What determines how noun compounds are formed in a language? Is there something like a parameter (as in the principles and parameters theory) that explains this?

I'm focusing only on "open" compounds (not idiomatic ones) formed exclusively by nouns. As Molly mentioned, this might be related to the Adj/N word order in the language. This hypothesis is quite reasonable, since in the Germanic languages the head in these compounds comes at the end, whereas in Romance languages, they come at the beginning, matching the Adj/N word order.

But even if this correlation does hold cross-linguistically, how does it relate to the need for prepositions? Maybe prepositions help avoiding ambiguities when the adjectives are postnominal? Could it be related to processing preferences?

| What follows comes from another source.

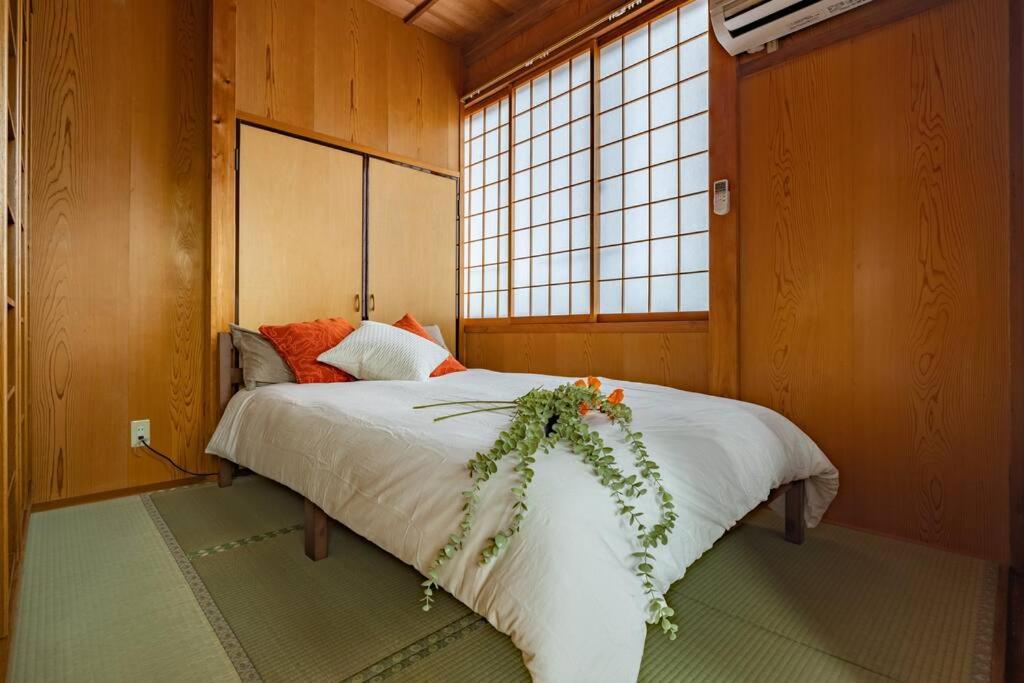 2 min walk from station - 180 sqm - 4 bedrooms - full kitchen - Shibuya Shinjuku - Seijo - Setagaya kids - luxury - traditional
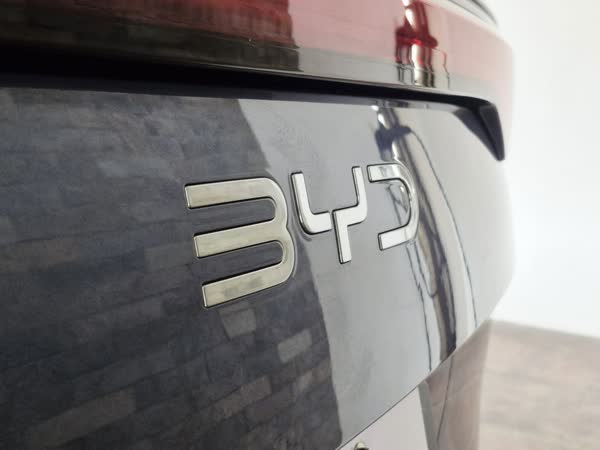 BYD eMAX 9, inside and out, JMV home service car wash, Davao City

  • There are true compounds in Romance languages too, they're just far less common. Some nice examples from Spanish are quemarropa (point blank) and rascacielos (skyscraper). Commented Dec 6, 2011 at 18:50
  • Aren't these words formed by a verb and a noun? As far as I know, quemarropa comes from quemar (to burn) + ropa (clothes), and rascacielos comes from rascar (to scratch) + cielos (skies). I edited the question to clarify this point. Commented Dec 6, 2011 at 21:12
  • Yes they are compounds formed by compounding verbs and nouns, they are surely not the only kind of compounds in Spanish but the one with a verb plus a plural noun is a fairly large class in Spanish and I'm having trouble thinking of others off the top of my head. I thought bocapierna was one but that wasn't in the dictionary. There is no linguistic rule that says all parts of a compound must be nouns or that only words made up of nouns stuck together are called compounds. Commented Dec 6, 2011 at 21:15
  • I don't think you used a good English example. I'm not so sure that "electricity price comparison service" is actually a compound: coordination ellipsis is possible in this case (for example, gas and electricity price comparison services).
    – Alex B.
    Commented Dec 6, 2011 at 23:03
  • Thanks, @Alex. Do you have a better example in mind? Oh, and feel free to edit the question, if you prefer :-) Commented Dec 6, 2011 at 23:54

2 Answers 2


Compound words are really complex, even if we limit it to noun-noun compounds.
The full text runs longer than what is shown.